[Start of section]

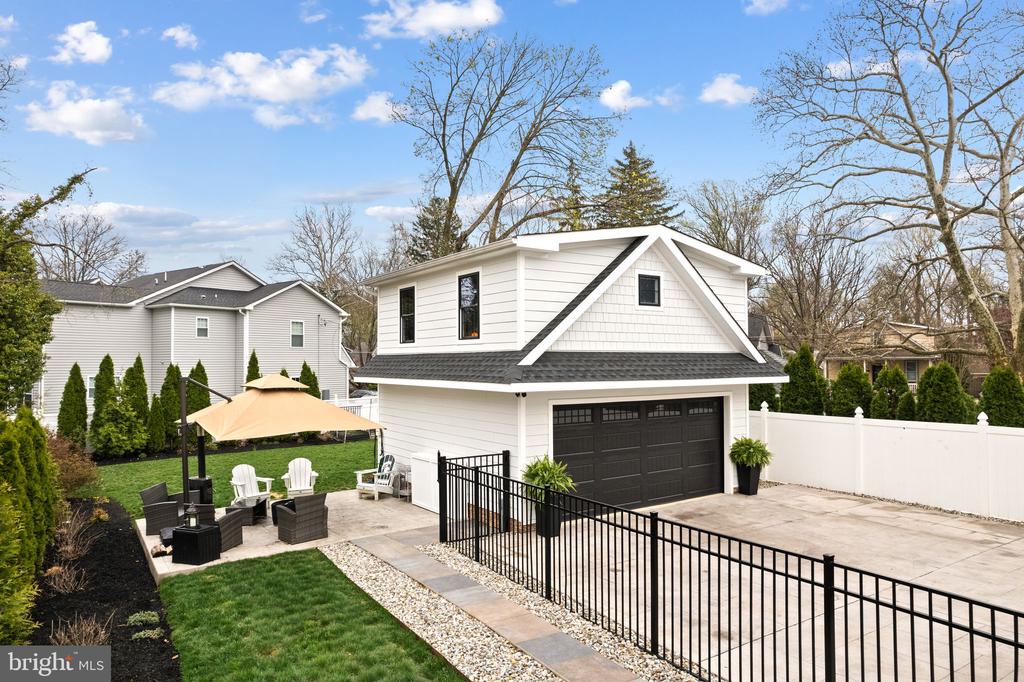 305 GROVE STREET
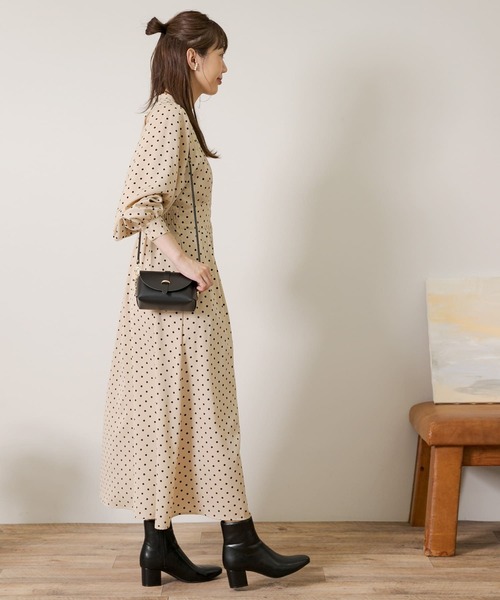 URBAN RESEARCH Sonny Label(アーバンリサーチサニーレーベル)の「『WEB/一部店舗限定』ウエストマークドットプリントスリーブワンピース(ワンピース・レディース・ブラック/ベージュ・FREE)」の15枚目の写真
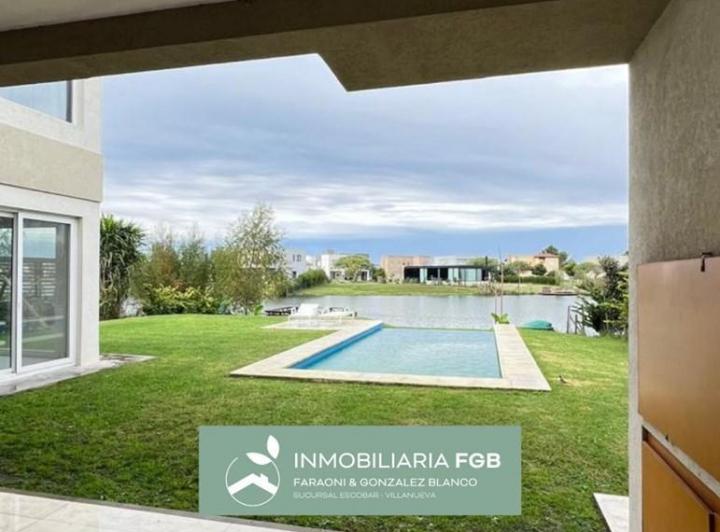 Casa · 222m² · 6 Ambientes · 2 Cocheras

[End of section]

§ Assignment:
Write out exactly the lines from the line that contains "URBAN RESEARCH Sonny" to the last line of the material above, both included; pictures do not belong in the copy.

§ Worked solution:
 URBAN RESEARCH Sonny Label(アーバンリサーチサニーレーベル)の「『WEB/一部店舗限定』ウエストマークドットプリントスリーブワンピース(ワンピース・レディース・ブラック/ベージュ・FREE)」の15枚目の写真
 Casa · 222m² · 6 Ambientes · 2 Cocheras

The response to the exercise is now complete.